Entries taken from a collection
*** Block opens ***

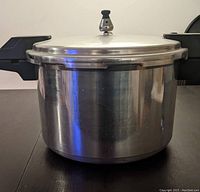Front view of aluminum pressure canner with black handles and attached lid with pressure regulator knob.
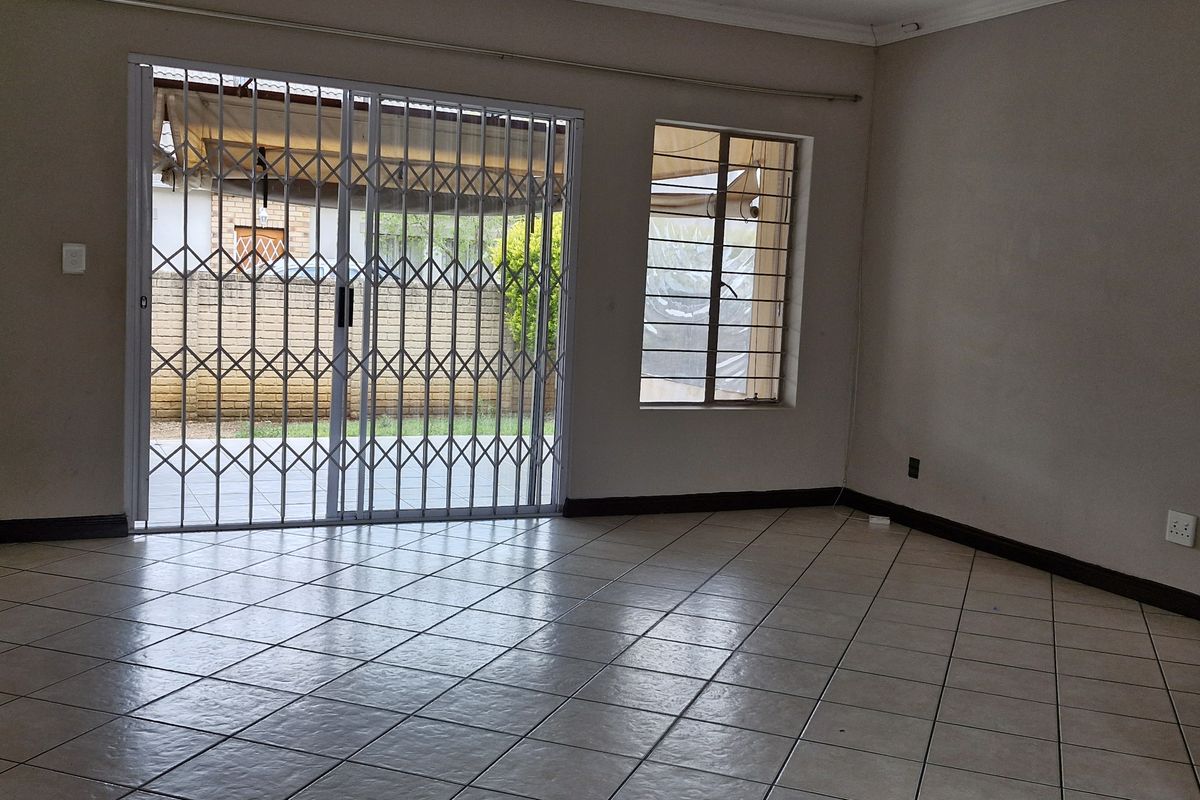 An empty living room featuring ceramic floor tiles, a sliding glass door with a security gate, and window security bars.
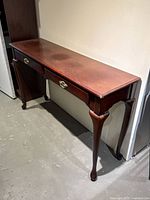 Side angle view of the antique style wooden console table showing the two drawers and cabriole legs with wear on the top surface.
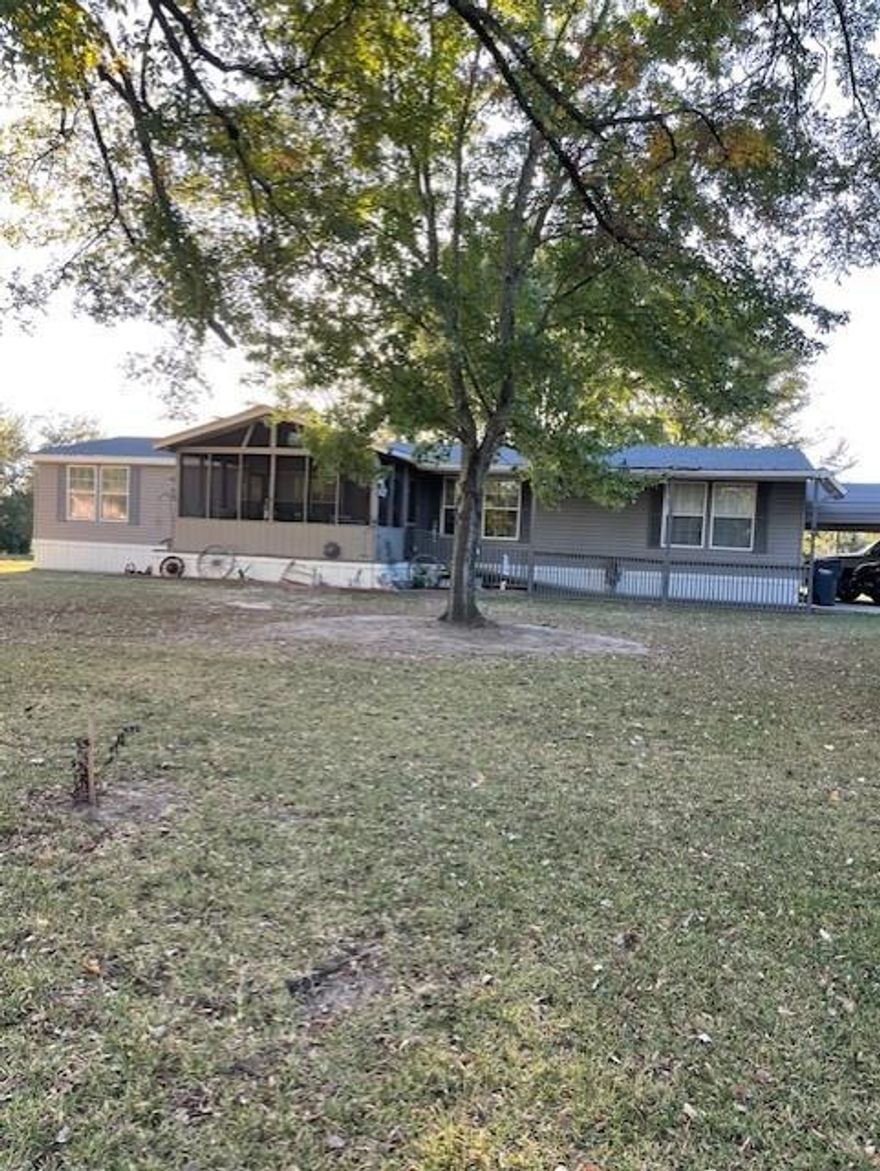 Single story manufactured home combined with land as real estate with 2 completed shops available with heat & air and 220 electrical and one with AC only to be useable for just about anything you would like to use them for. Located in a small community not far from renown bass fishing Lake Fork. Open floor plan with many remodeled upgrades to this 1936 Sq Ft home sitting on over a .5 acre.  Handicap Accessible features and large screened in porch for your enjoyment . Split bedroom plan and additional flex room for crafting or a possible 4th bedroom if needed . There is a regional UT hospital in Quitman downtown and shopping is available as well as being just a quick drive into Mineola, Sulphur Springs and not but about 1 hour into Tyler.  Bring your toys and projects and enjoy the quiet natural setting out by the lake.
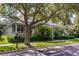 Lovely home exterior featuring a covered porch and lush landscaping, with a large tree in the front yard at 8113 Key West Dove St, Winter Garden, FL 34787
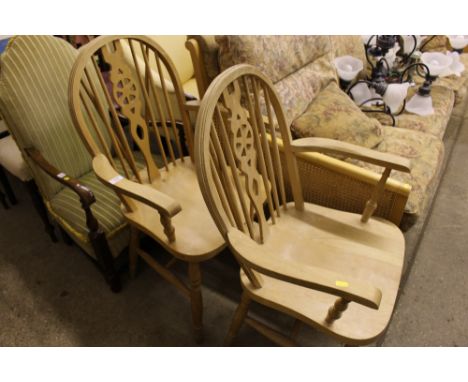 A pair of beech stick and wheel back elbow armchair 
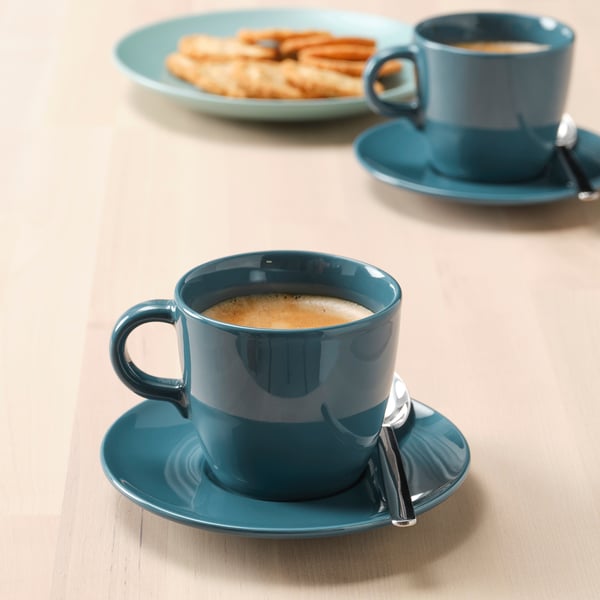 Two teal ceramic cups and saucers with coffee, one with a spoon, and a plate with pastries on a light wooden table.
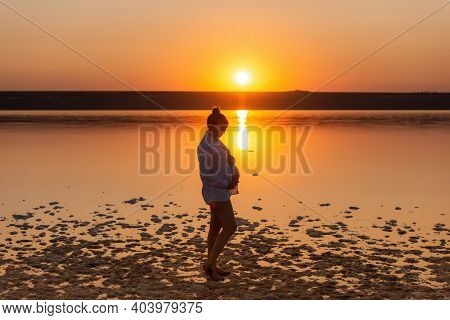 Silhouette Of A Pregnant Woman On The Beach At Sunset. A Pregnant Girl Against The Background Of The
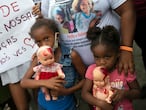 Children holding dolls covered with fake blood stand next to a sign that reads in Portuguese "Stop killing our children. We love you" during a protest against the killing of Emily Victoria Silva dos Santos, 4, and Rebeca Beatriz Rodrigues dos Santos, 7, in Duque de Caxias, Rio de Janeiro state, Brazil, Sunday, Dec. 6, 2020. The girls were killed by stray bullets while playing outside their homes. (AP Photo/Bruna Prado)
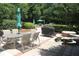 Outdoor patio features dining and grilling areas, benches and lush landscaping, ideal for entertaining at 68 Willow Ne Gln, Atlanta, GA 30342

*** Block closes ***

:: WORK INSTRUCTIONS ::
Repeat only the stretch of data above that runs from the line with "Lovely home exterior" to the line with "A pair of beech". Keep both end lines; exclude pictures.

:: RESULT BELOW ::
 Lovely home exterior featuring a covered porch and lush landscaping, with a large tree in the front yard at 8113 Key West Dove St, Winter Garden, FL 34787
 A pair of beech stick and wheel back elbow armchair 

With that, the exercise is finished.